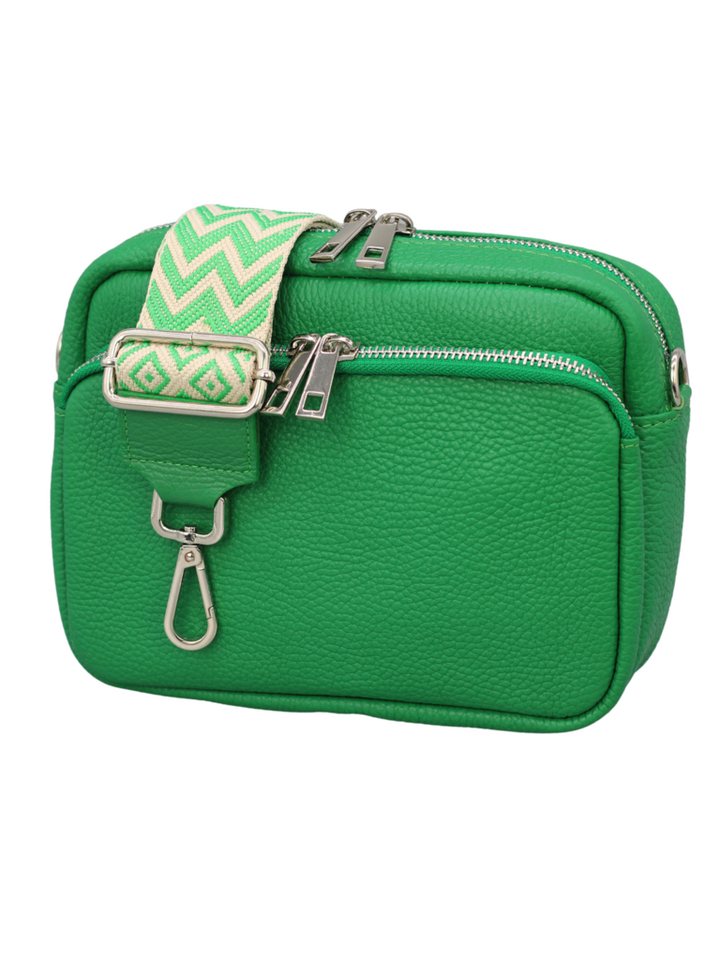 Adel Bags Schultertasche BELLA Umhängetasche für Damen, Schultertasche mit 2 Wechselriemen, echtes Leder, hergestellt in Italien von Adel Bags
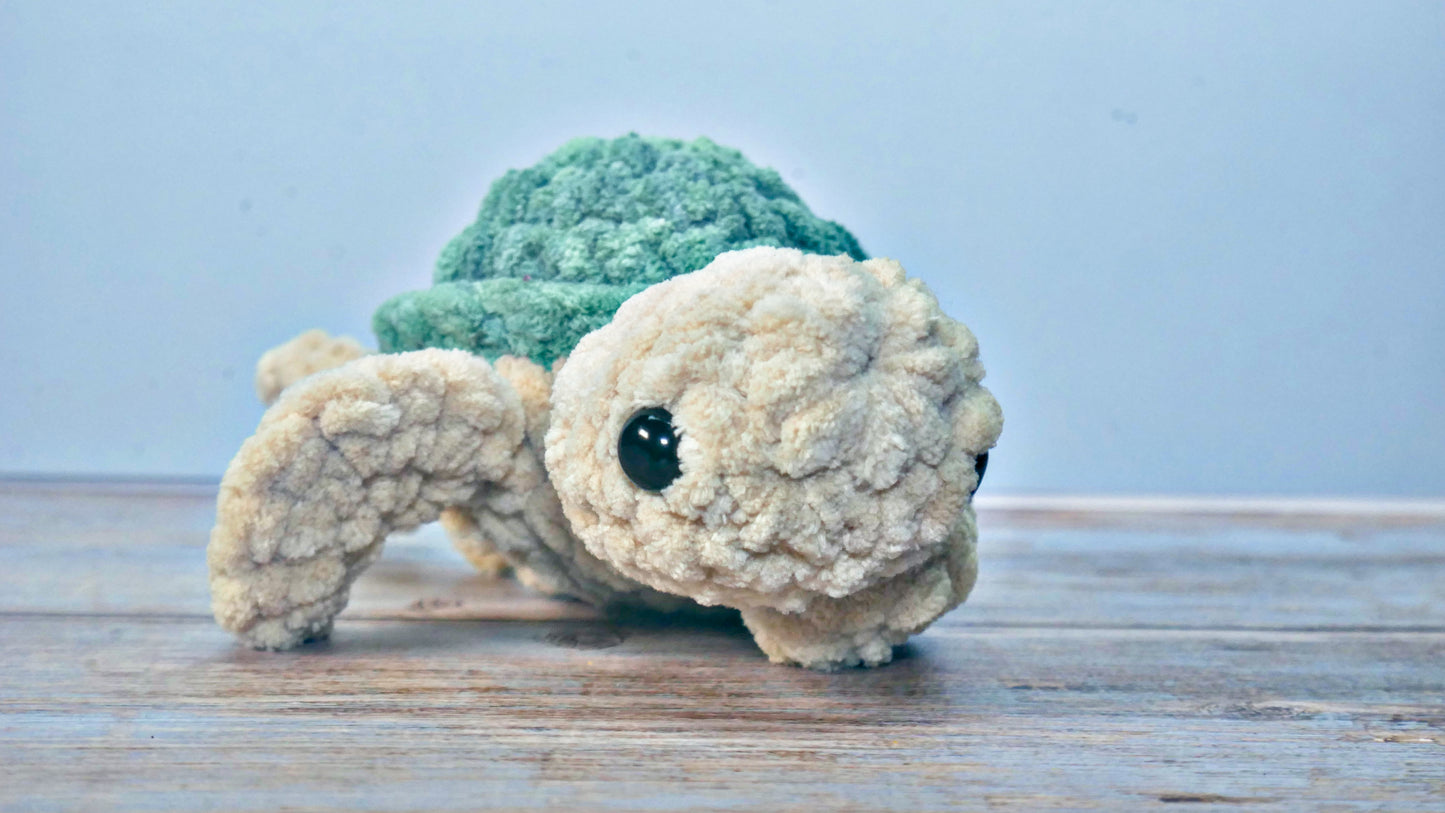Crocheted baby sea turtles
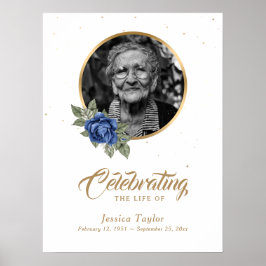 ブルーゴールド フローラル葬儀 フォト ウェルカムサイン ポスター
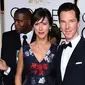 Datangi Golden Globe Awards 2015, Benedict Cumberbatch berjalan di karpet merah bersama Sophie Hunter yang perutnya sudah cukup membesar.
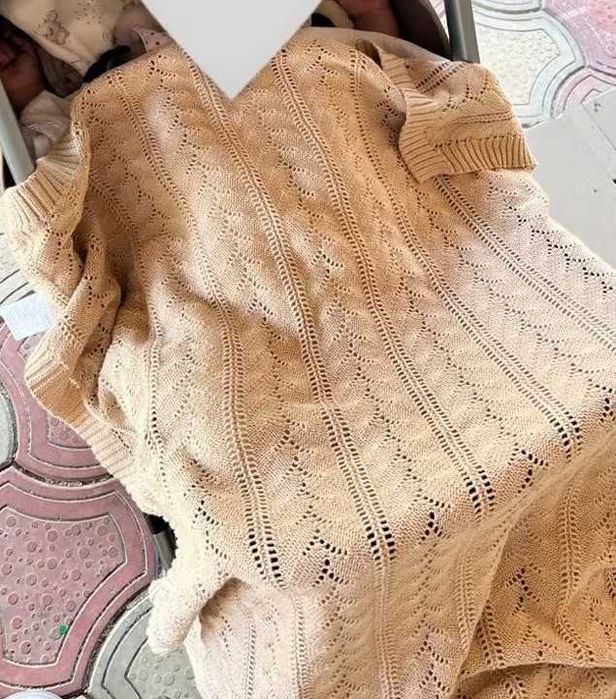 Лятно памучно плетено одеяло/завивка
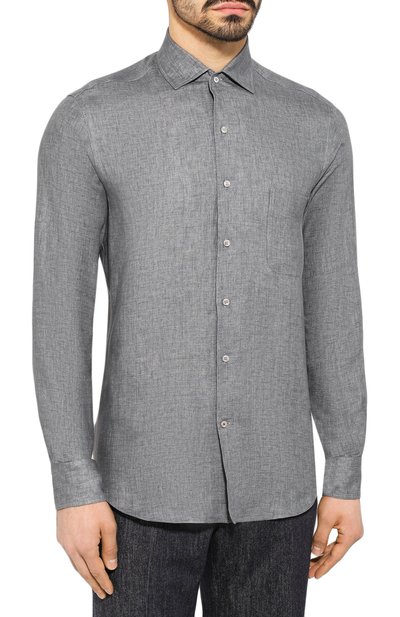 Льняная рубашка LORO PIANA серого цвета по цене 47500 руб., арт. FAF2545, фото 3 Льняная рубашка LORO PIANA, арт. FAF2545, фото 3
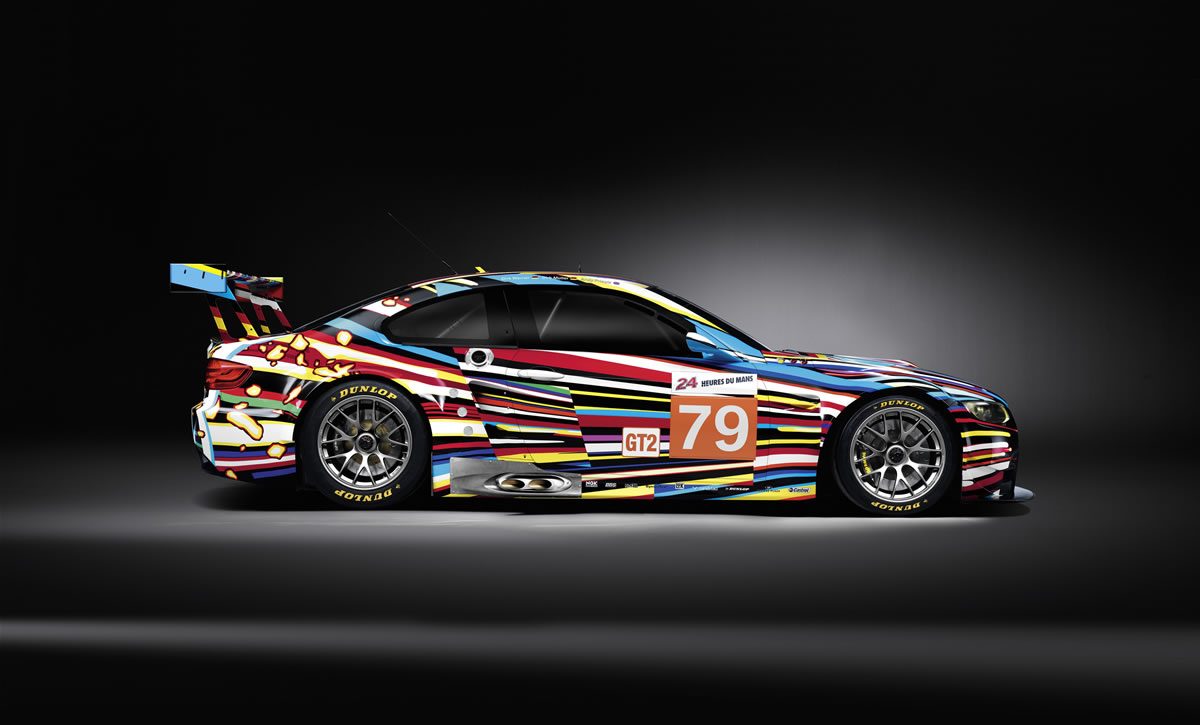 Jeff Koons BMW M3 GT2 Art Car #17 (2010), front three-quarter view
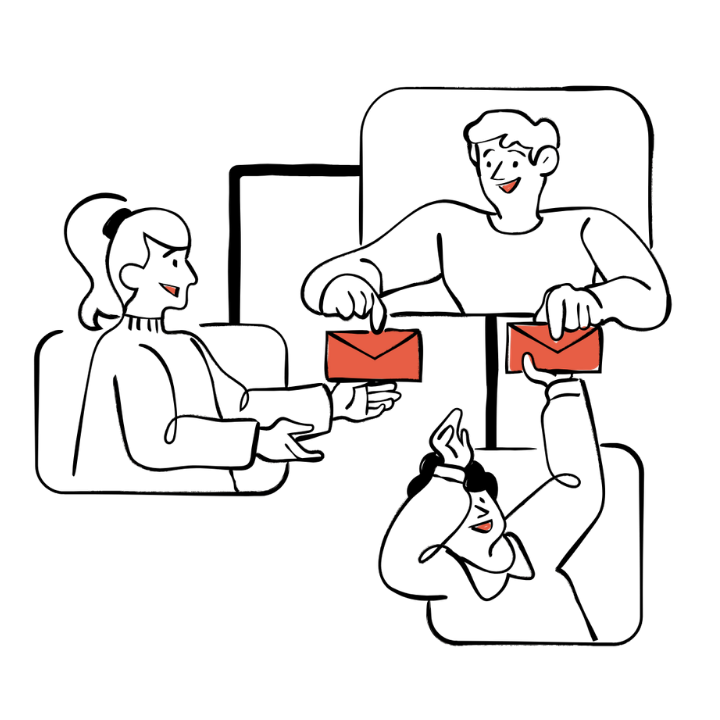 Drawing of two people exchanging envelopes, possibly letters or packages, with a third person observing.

· · ·

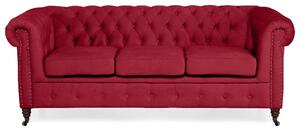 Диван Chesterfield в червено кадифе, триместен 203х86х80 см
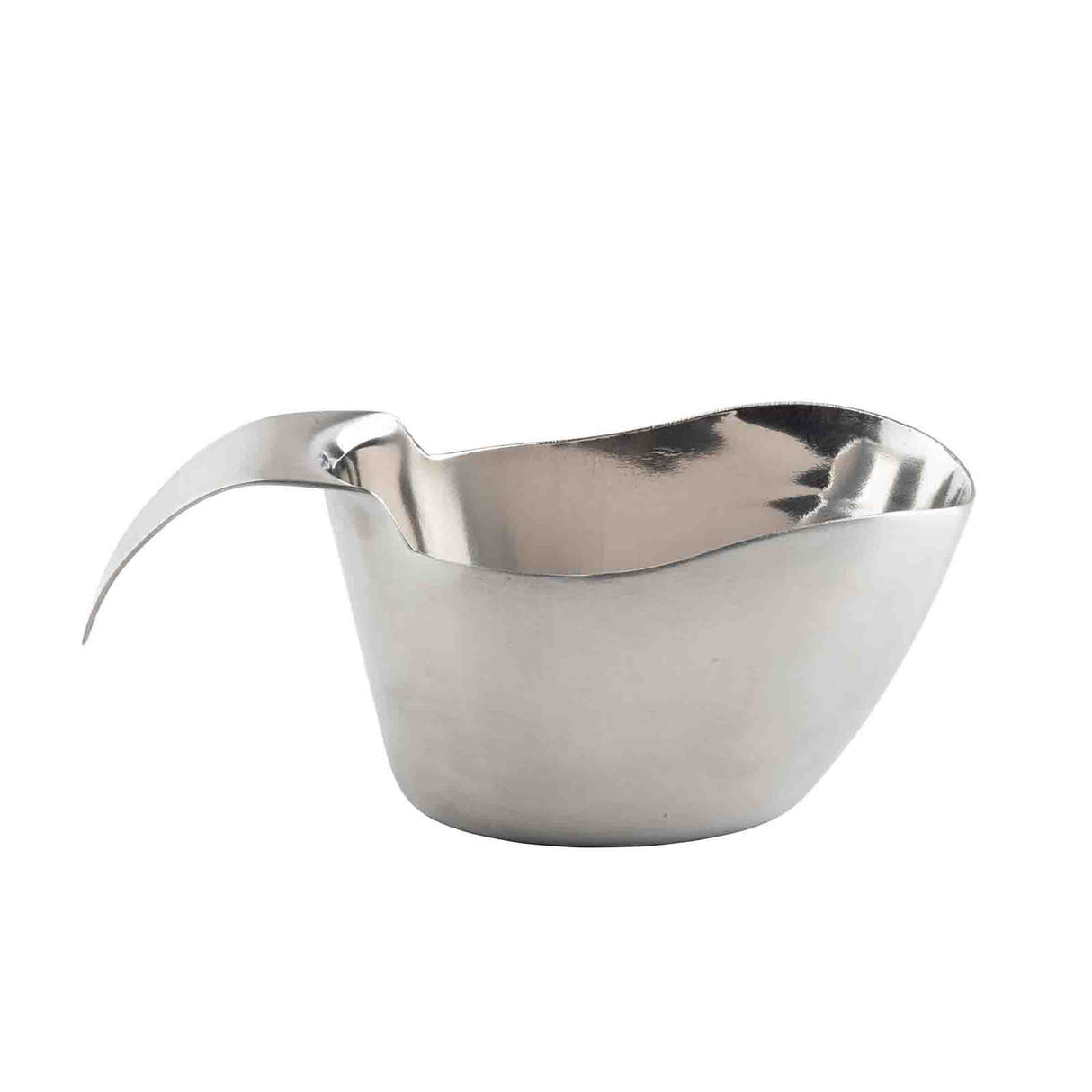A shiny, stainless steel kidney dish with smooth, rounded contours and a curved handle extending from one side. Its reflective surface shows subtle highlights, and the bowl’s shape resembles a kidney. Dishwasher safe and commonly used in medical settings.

· · ·

Using the entries above, reproduce word for word only the lines from the one that contains "Jeff Koons BMW" to the one that contains "Drawing of two", both ends included, and drop every picture.

#### [THE ANSWER]
 Jeff Koons BMW M3 GT2 Art Car #17 (2010), front three-quarter view
 Drawing of two people exchanging envelopes, possibly letters or packages, with a third person observing.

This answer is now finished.